Sketch

Cavalry From Above


One of the stylistic themes that I want to have run through The Chasseurs is the overall confusion and chaos of war, and, in particular, of the battlefields where they travel. I envision a number of random shots of cavalry troops, from any and all of the different sides, blinding running around, trampling things, and accomplishing nothing.

The two sketches above are roughly drawn to show the mounted cavalry from overhead, traveling two abreast, and running through the various scenes. They appear, and disappear, within moments. They are important, and cannot be bothered to stop and see what's what.

I tried to do some research on how to adequately draw this, but I ran into a number of roadblocks. Here, you see the riders with the round, flat hats:


What's missing is a drawing guide. I found these after I did the two sketches above:



And, they're helpful, but not as much as an overhead photo would be. I'm not getting the details correct.

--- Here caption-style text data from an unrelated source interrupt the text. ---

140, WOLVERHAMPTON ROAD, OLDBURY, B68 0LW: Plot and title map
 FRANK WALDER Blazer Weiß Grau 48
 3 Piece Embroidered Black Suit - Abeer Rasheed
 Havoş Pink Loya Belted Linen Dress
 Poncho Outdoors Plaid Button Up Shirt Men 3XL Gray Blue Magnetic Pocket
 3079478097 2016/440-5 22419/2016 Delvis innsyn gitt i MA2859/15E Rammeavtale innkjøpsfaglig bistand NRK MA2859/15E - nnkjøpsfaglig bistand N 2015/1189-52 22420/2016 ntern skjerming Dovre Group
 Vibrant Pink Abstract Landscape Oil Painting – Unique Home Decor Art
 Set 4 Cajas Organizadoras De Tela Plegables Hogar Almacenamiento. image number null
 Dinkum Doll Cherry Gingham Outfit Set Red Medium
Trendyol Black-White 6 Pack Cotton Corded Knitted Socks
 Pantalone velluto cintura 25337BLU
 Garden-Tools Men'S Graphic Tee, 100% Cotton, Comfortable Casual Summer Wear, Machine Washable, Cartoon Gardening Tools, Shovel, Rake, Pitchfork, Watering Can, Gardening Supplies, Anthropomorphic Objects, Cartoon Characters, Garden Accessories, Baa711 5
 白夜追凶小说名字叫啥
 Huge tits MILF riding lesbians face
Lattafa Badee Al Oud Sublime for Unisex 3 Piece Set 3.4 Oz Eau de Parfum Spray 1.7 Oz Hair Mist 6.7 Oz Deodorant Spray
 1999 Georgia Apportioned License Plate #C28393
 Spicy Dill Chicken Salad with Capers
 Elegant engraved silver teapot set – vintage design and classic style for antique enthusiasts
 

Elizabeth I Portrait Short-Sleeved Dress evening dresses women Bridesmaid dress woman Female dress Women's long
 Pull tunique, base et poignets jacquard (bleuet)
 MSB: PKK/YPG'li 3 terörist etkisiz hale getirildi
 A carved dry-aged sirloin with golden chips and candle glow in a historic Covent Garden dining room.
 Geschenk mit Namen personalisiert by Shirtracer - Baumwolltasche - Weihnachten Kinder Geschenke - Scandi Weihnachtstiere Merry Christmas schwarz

Anyway, I like that as a theme, and I'll drop that in when I can.

Character Development Sketches





I have four baseline sketches for the four main dog characters--Ecarlet, Bretagne, Brom and Belge. These are the four breeds I chose last year, and, so far, I haven't seen anything that would convince me to make a change. These four breeds of dog were present during the Napoleonic Wars.

Future sketches will give them a little more of a three-dimensional look, and maybe be a little more "cartoony" or "animation-y." Or they'll just be amateurish. I'm hoping for acceptable.

Storyboard Development for The Chasseurs


Time to start storyboards and story detail.

The opening shot will be on the character Ecarlet (the red poodle). He is the eldest of the four dogs and serves as their leader.

Their life before Waterloo is based on being in that "post-war" mode where everything is wrecked, but just beginning to return to some sort of normalcy. They are scouring the countryside, practicing how they will look for and identify the wounded (which was their job in the French Army, until the Battle of Nations at Leipzig).

At a distance, the French countryside should appear lush and beautiful, but, up close, ruined and ravaged and abandoned and destitute.